EXERCISE INPUTS>
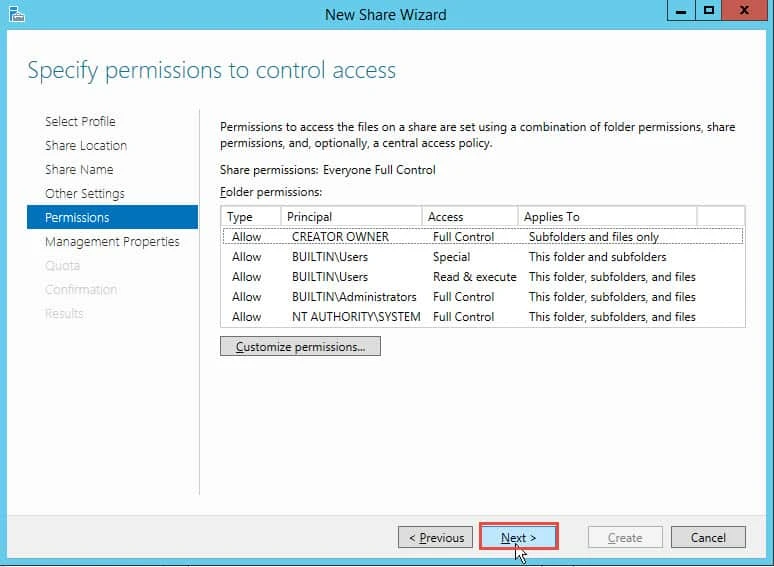 Integrate Samba with Active Directory (Linux & Windows)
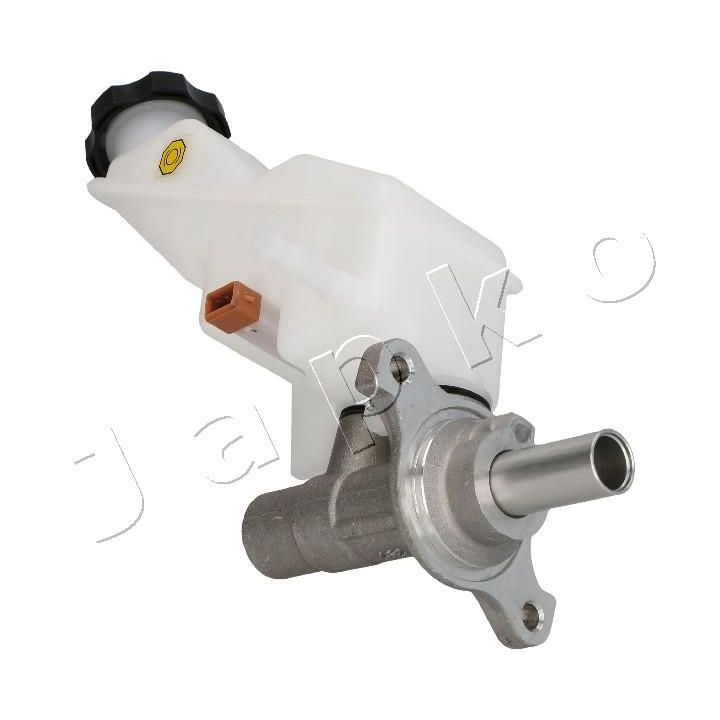 Pagrindinis cilindras, stabdžiai JAPKO 68H35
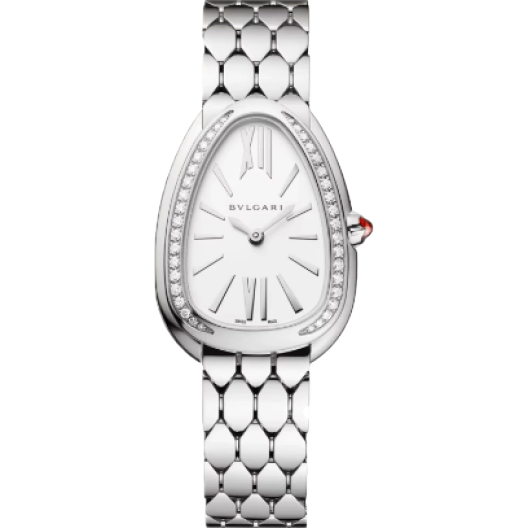 Часы Bvlgari Serpenti 103949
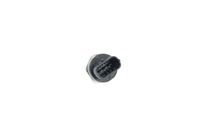 Sensor Kraftstoffdruck, Bild 40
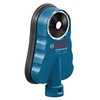 Bosch GDE68 Cudin Adapter for Concrete Drilling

WHAT THE TASK REQUIRES>
Take the line with "Pagrindinis cilindras, stabdžiai JAPKO 68H35" and every line after it through the end of the data, and write only them out exactly, leaving out the pictures.

RESULT OF THIS EXERCISE>
 Pagrindinis cilindras, stabdžiai JAPKO 68H35
 Часы Bvlgari Serpenti 103949
 Sensor Kraftstoffdruck, Bild 40
 Bosch GDE68 Cudin Adapter for Concrete Drilling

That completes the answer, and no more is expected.